# ENTRIES SHOWN:
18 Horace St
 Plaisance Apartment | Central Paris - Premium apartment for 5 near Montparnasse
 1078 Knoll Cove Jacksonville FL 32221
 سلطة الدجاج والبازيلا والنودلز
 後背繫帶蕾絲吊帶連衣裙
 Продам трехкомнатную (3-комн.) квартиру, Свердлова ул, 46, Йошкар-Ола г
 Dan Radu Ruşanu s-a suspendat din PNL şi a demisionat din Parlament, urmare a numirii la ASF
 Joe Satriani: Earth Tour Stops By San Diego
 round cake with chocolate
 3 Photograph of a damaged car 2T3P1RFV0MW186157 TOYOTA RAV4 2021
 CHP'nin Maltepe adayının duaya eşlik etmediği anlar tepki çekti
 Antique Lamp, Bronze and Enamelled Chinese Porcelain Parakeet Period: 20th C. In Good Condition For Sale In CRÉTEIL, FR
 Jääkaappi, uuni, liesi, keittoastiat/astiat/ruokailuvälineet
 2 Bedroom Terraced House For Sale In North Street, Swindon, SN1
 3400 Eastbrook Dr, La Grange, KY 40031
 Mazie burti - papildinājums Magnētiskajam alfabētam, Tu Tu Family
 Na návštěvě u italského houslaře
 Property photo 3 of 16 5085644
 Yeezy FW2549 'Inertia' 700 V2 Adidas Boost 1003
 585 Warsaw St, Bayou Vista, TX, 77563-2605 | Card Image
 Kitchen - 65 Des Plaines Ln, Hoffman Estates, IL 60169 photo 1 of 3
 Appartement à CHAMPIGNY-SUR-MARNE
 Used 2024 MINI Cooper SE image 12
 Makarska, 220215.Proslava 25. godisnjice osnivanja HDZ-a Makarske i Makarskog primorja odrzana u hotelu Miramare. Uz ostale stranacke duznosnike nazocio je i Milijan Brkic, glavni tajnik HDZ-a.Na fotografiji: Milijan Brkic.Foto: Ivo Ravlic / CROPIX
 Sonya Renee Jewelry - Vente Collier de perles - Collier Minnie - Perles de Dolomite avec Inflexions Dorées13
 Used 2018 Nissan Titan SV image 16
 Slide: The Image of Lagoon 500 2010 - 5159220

# GOAL OF THE EXERCISE:
Every line of the data above should be reproduced word for word.

# RESULT BELOW:
18 Horace St
 Plaisance Apartment | Central Paris - Premium apartment for 5 near Montparnasse
 1078 Knoll Cove Jacksonville FL 32221
 سلطة الدجاج والبازيلا والنودلز
 後背繫帶蕾絲吊帶連衣裙
 Продам трехкомнатную (3-комн.) квартиру, Свердлова ул, 46, Йошкар-Ола г
 Dan Radu Ruşanu s-a suspendat din PNL şi a demisionat din Parlament, urmare a numirii la ASF
 Joe Satriani: Earth Tour Stops By San Diego
 round cake with chocolate
 3 Photograph of a damaged car 2T3P1RFV0MW186157 TOYOTA RAV4 2021
 CHP'nin Maltepe adayının duaya eşlik etmediği anlar tepki çekti
 Antique Lamp, Bronze and Enamelled Chinese Porcelain Parakeet Period: 20th C. In Good Condition For Sale In CRÉTEIL, FR
 Jääkaappi, uuni, liesi, keittoastiat/astiat/ruokailuvälineet
 2 Bedroom Terraced House For Sale In North Street, Swindon, SN1
 3400 Eastbrook Dr, La Grange, KY 40031
 Mazie burti - papildinājums Magnētiskajam alfabētam, Tu Tu Family
 Na návštěvě u italského houslaře
 Property photo 3 of 16 5085644
 Yeezy FW2549 'Inertia' 700 V2 Adidas Boost 1003
 585 Warsaw St, Bayou Vista, TX, 77563-2605 | Card Image
 Kitchen - 65 Des Plaines Ln, Hoffman Estates, IL 60169 photo 1 of 3
 Appartement à CHAMPIGNY-SUR-MARNE
 Used 2024 MINI Cooper SE image 12
 Makarska, 220215.Proslava 25. godisnjice osnivanja HDZ-a Makarske i Makarskog primorja odrzana u hotelu Miramare. Uz ostale stranacke duznosnike nazocio je i Milijan Brkic, glavni tajnik HDZ-a.Na fotografiji: Milijan Brkic.Foto: Ivo Ravlic / CROPIX
 Sonya Renee Jewelry - Vente Collier de perles - Collier Minnie - Perles de Dolomite avec Inflexions Dorées13
 Used 2018 Nissan Titan SV image 16
 Slide: The Image of Lagoon 500 2010 - 5159220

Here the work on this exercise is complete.